Marking the increasing concern with secondary safety at the time was the opening by the Minister of Technology Tony Benn, in April 1968, of MIRA's indoor rig for crash-testing cars in head-on impacts. Such tests, at 30 mph (48 km/h), had recently become mandatory for cars sold in the US. The MIRA crash rig featured the UK's largest industrial linear motor. It replaced a complicated outdoor system that had involved the "victim" car's final seconds being controlled by means of a radar-operated remote device from a following vehicle.

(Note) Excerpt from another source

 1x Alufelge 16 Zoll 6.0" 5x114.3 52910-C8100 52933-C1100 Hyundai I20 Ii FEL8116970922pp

Since 1975, the funding arrangements for belonging to the organisation went from a membership subscription (or levy – mostly irrespective of the quantity of work that took place for individual manufacturers) for car companies to a fee-based system. Currently the site has around £110 million of test equipment. On 4 July 2001, the organisation changed its name to MIRA Ltd. At this point it also became liable for corporation tax. It bought the Creative Automotive Design consultancy in March 2003.
The proving ground which forms the largest area of MIRA is built on 760 acres (310 ha) of the former RAF Lindley airfield, named after the nearby Lindley Hall Farm after the former Lindley Hall. This farm claims to be the centre of England, if calculated by the centre of mass method, similar to a centroid. Meriden also makes a similar claim. The Ashby and Nuneaton Joint Railway used to pass along the south-east perimeter of MIRA, and is now the Weddington Country Walk. The line was open to freight until 1971, and had a station at Higham on the Hill on the perimeter of MIRA.
MIRA is a provider of product engineering, research, testing, information and certification to the worldwide automotive industry. It was developed to provide research for UK companies but now provides research to clients worldwide. It also carries out work for the defence industry.